# THE PROBLEM:
Copy exactly, beginning with the line holding "Test Drive: Subaru" and ending with the final line of the data beneath this task; copy nothing else, and leave out every picture.

Captioned web images

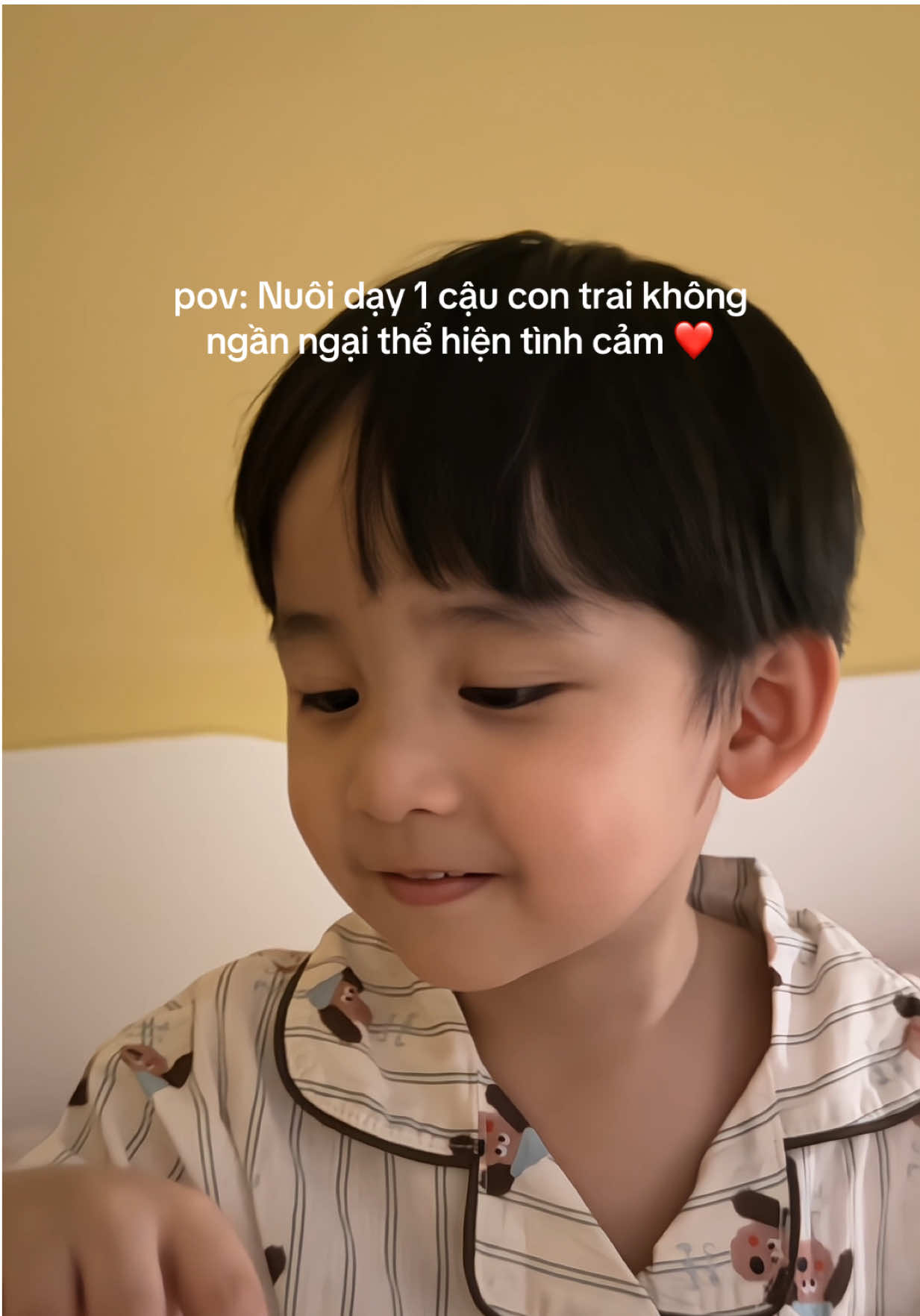 “Bố mẹ là cuộc đời của con, là bạn thân mãi mãi của con” 🥹 #emsaudep 
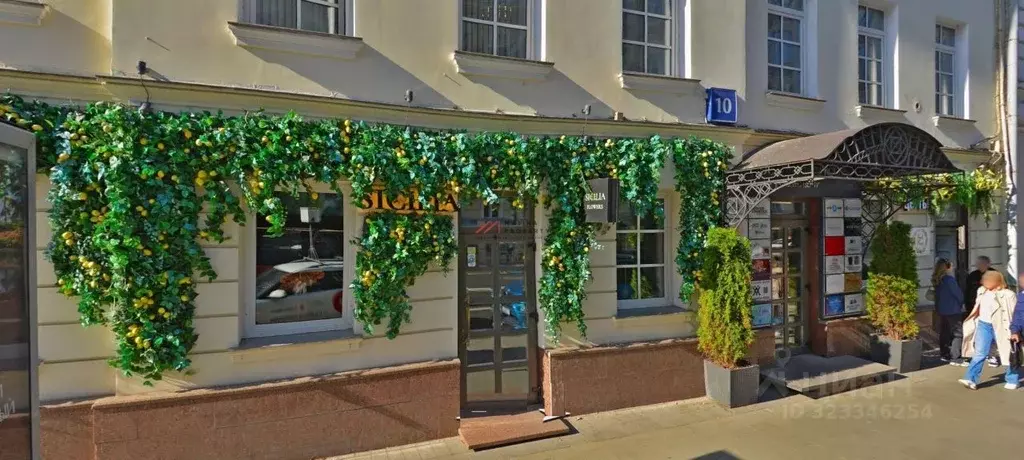 Торговая площадь в Москва ул. Остоженка, 10 (182 м) - Фото 2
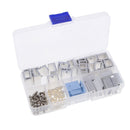 TO-220 Transistors Aluminum Heat Sink Cooling Circuit Board with Storage Box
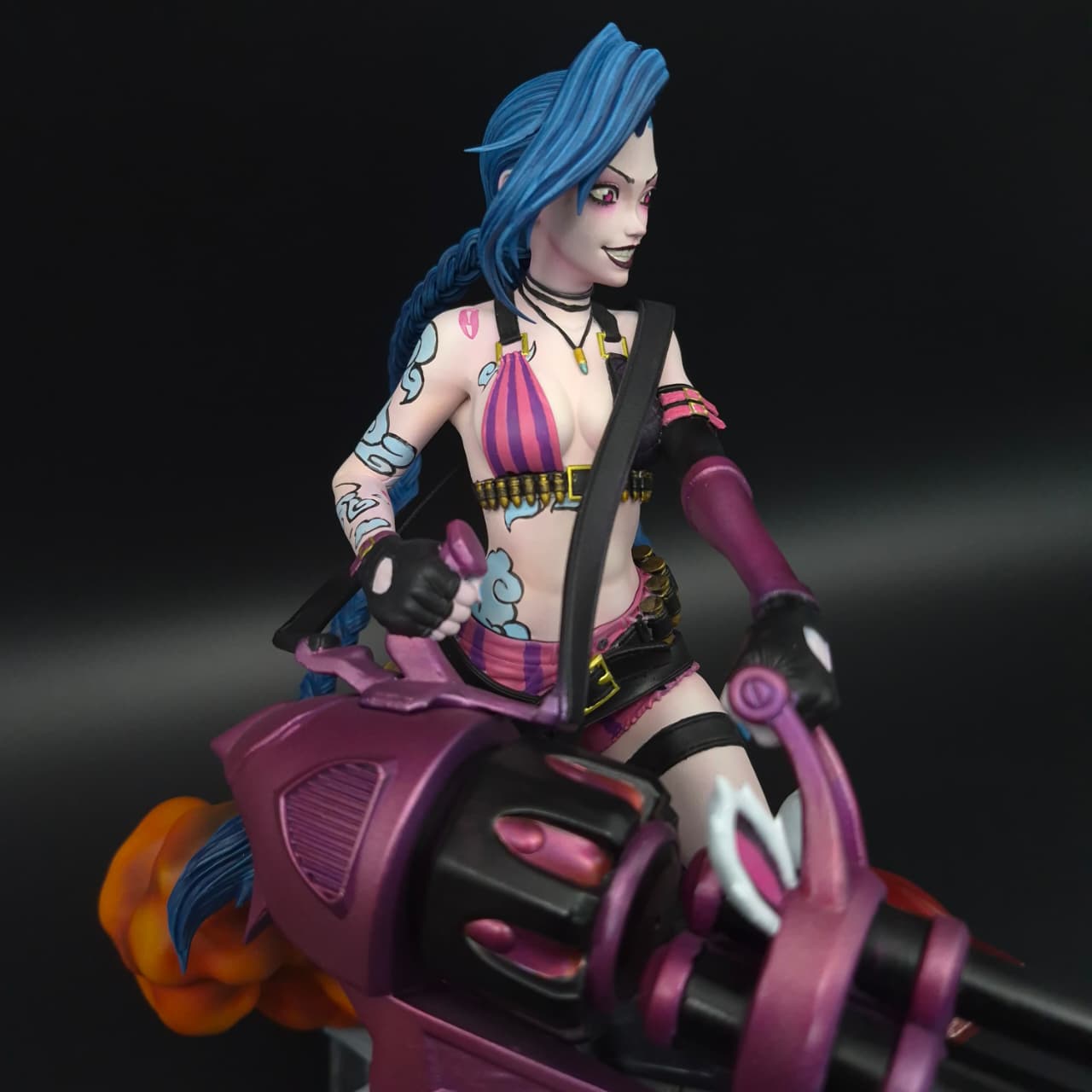 Jinx- League of Legends - Figura de Acción 31 cm - En Caja
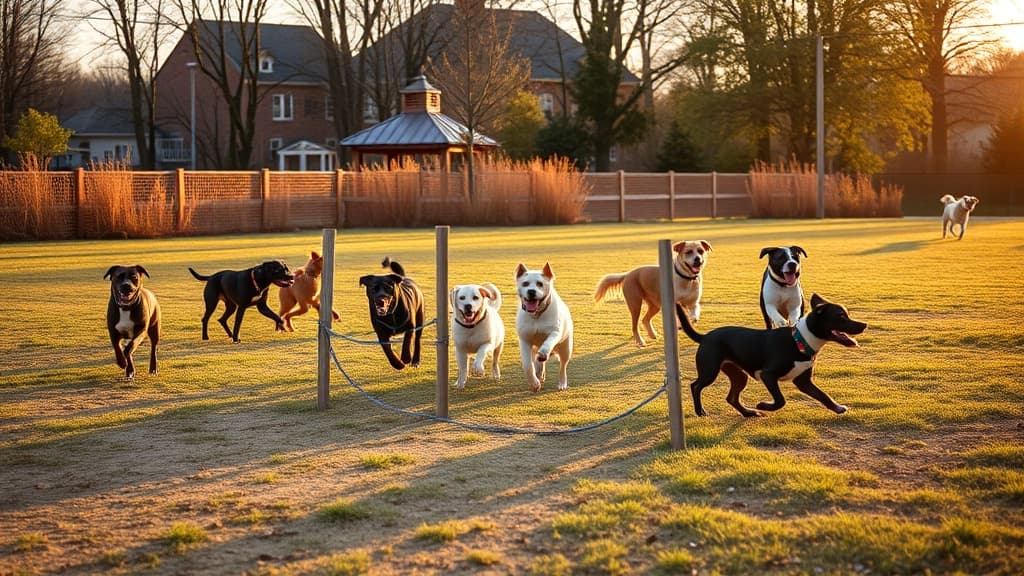Veterans Park Dog Park dog park in Canton, OH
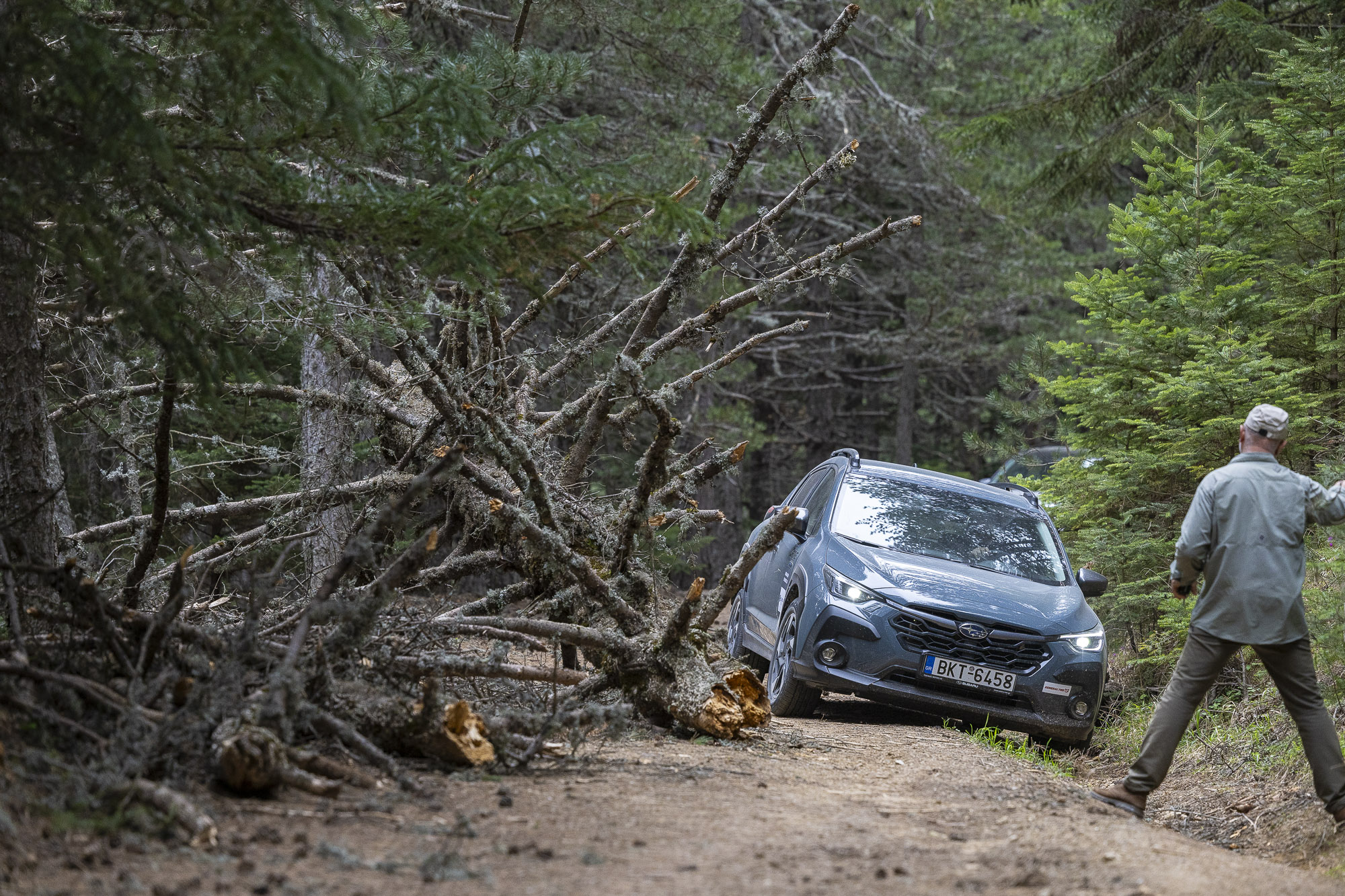 Test Drive: Subaru Crosstrek 2.0i e-BOXER, Photos © DRIVE Media Group/Thanassis Koutsogiannis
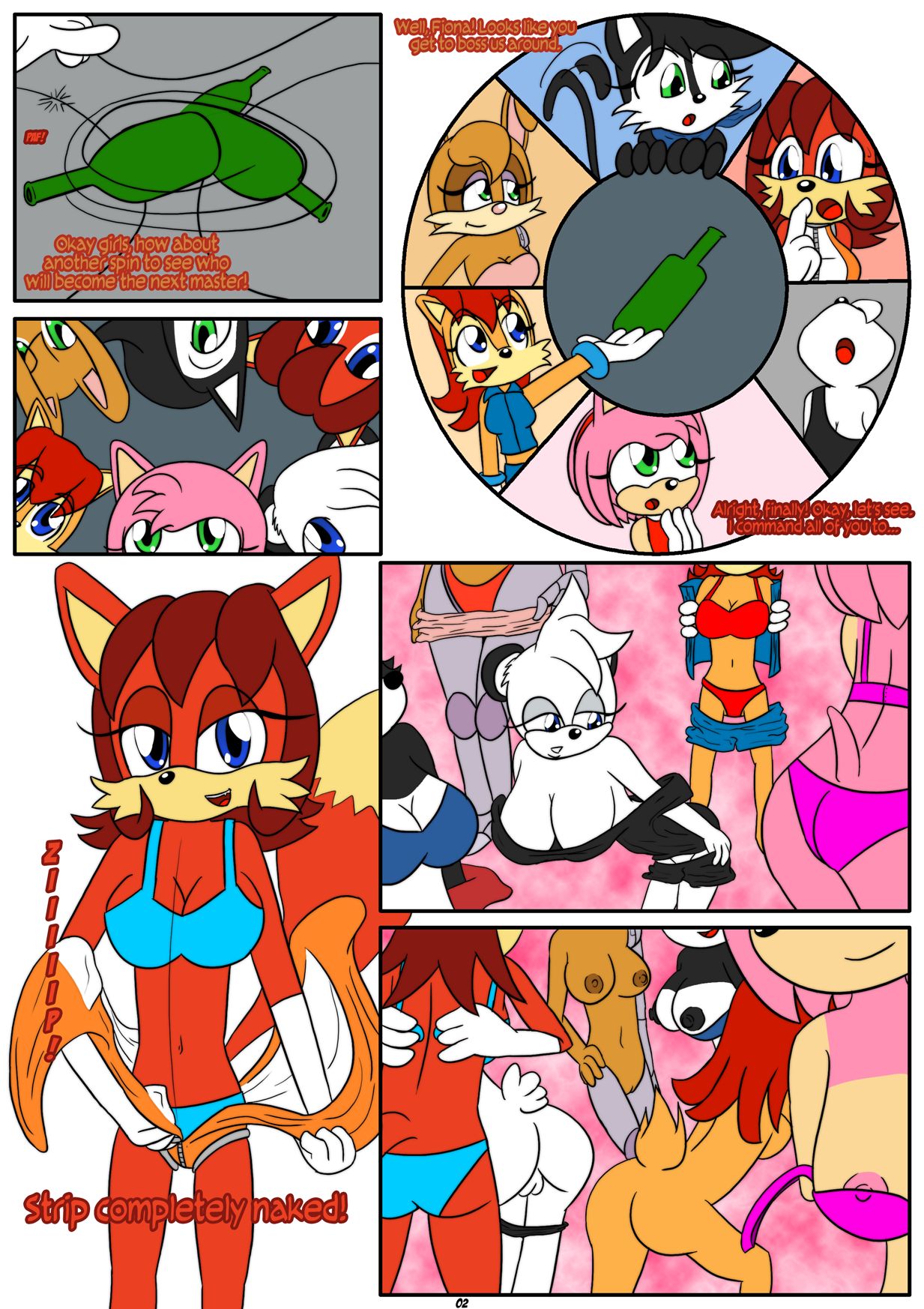 Royal Slumber Party page 4 full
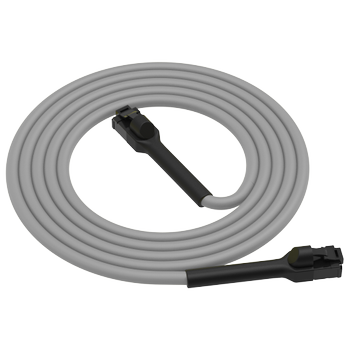 LinkIT U/UTP Slim Cat.6a Gray 7m Flexible-boot | AWG28 | LSZH | OD3,6mm (LI-C6AUUTP-SFB-0070G)
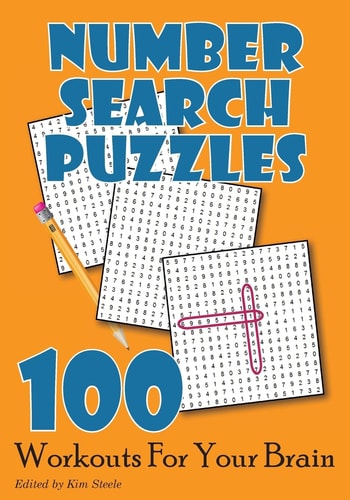 Number Search Puzzles 100 Workouts For Your Brain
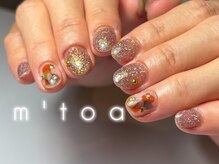 ムートア(m'toa)/フィルイン/定額デザイン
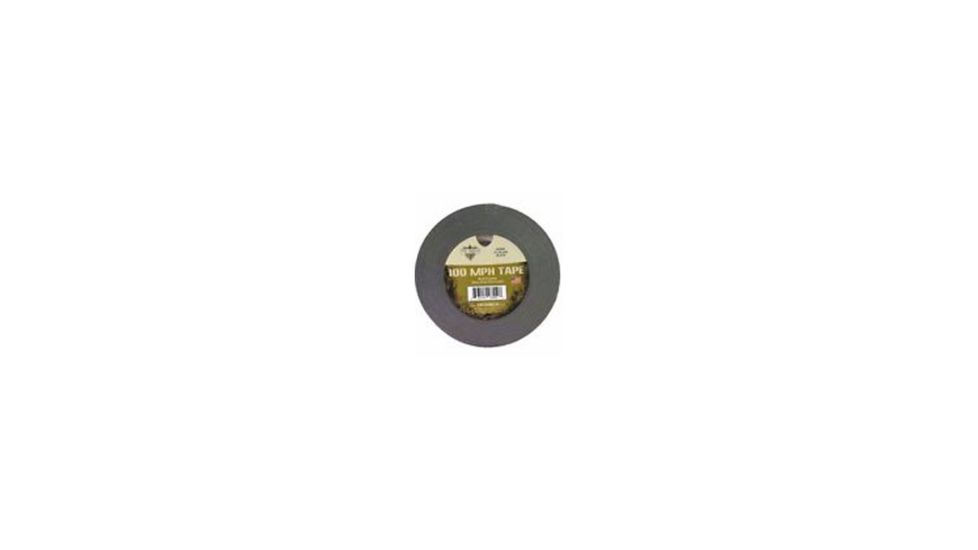 Tac Shield 100 Mph Tape - 2in/60 Yards, Black TSH03982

# ANSWER SECTION:
 Test Drive: Subaru Crosstrek 2.0i e-BOXER, Photos © DRIVE Media Group/Thanassis Koutsogiannis
 Royal Slumber Party page 4 full
 LinkIT U/UTP Slim Cat.6a Gray 7m Flexible-boot | AWG28 | LSZH | OD3,6mm (LI-C6AUUTP-SFB-0070G)
 Number Search Puzzles 100 Workouts For Your Brain
 ムートア(m'toa)/フィルイン/定額デザイン
 Tac Shield 100 Mph Tape - 2in/60 Yards, Black TSH03982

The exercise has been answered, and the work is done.